◆ Task statement ◆
Copy out all of the data word for word. Omit every picture.

◆ Data ◆
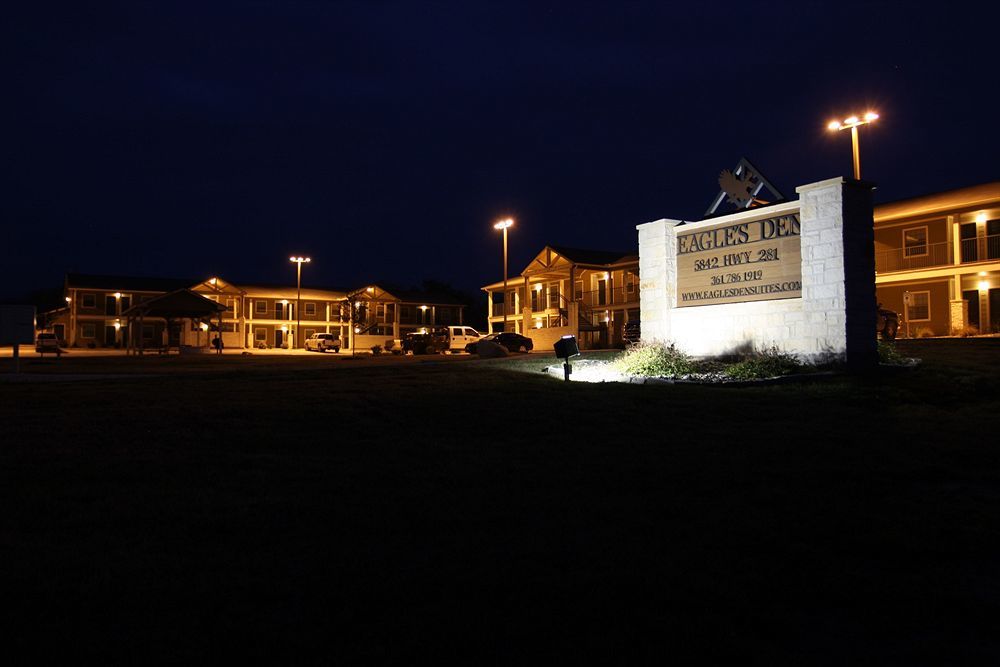 Eagle'S Den Suites Cotulla A Travelodge By Wyndham Exterior foto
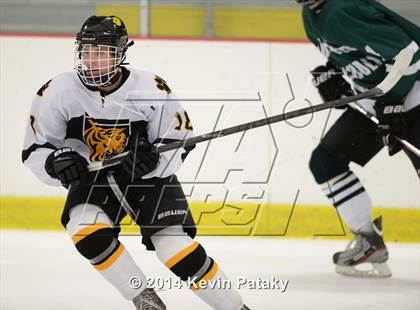 Thumbnail 2 in Northwest Catholic @ Daniel Hand photogallery.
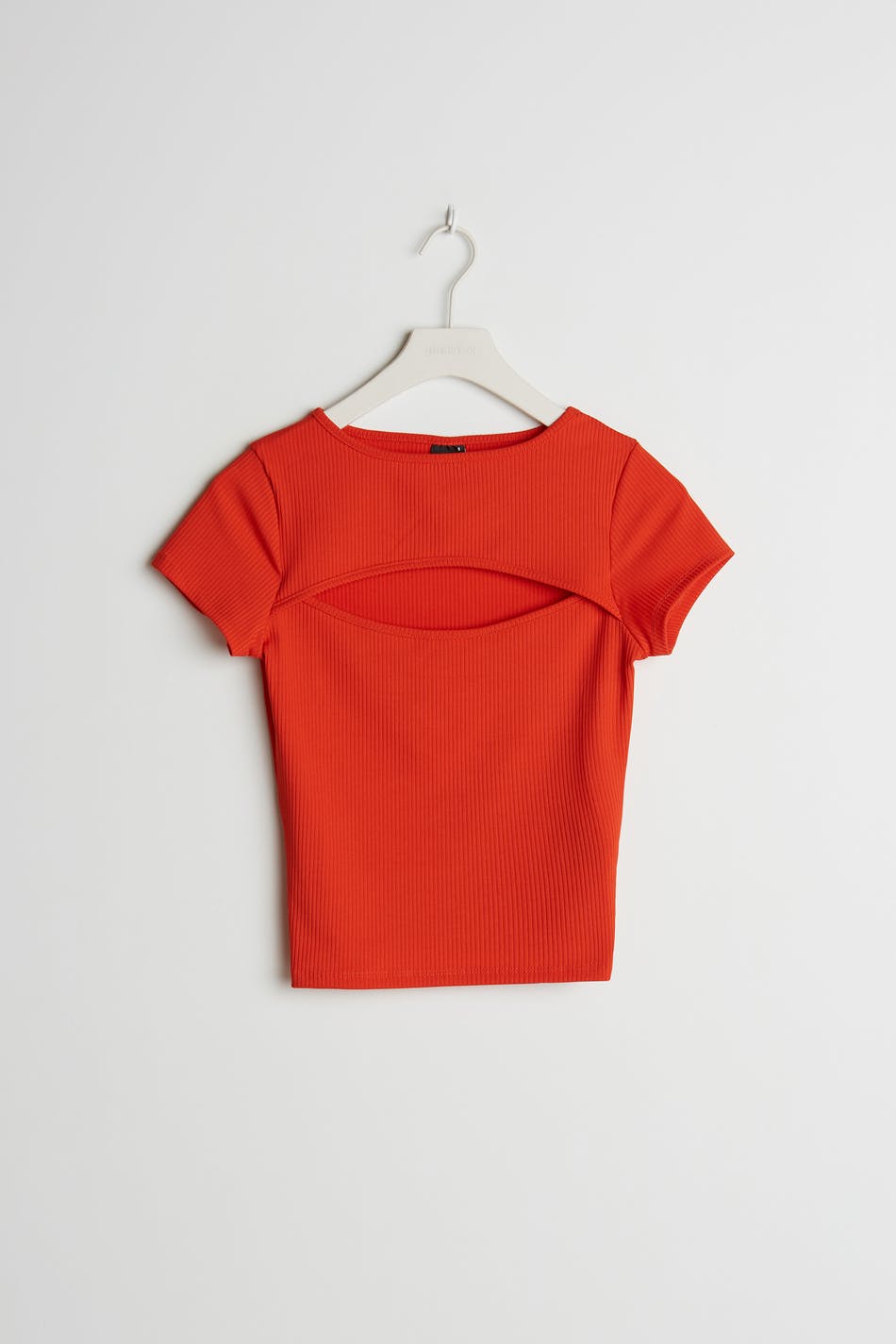 Leo cutout top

◆ Task answer ◆
 Eagle'S Den Suites Cotulla A Travelodge By Wyndham Exterior foto
 Thumbnail 2 in Northwest Catholic @ Daniel Hand photogallery.
 Leo cutout top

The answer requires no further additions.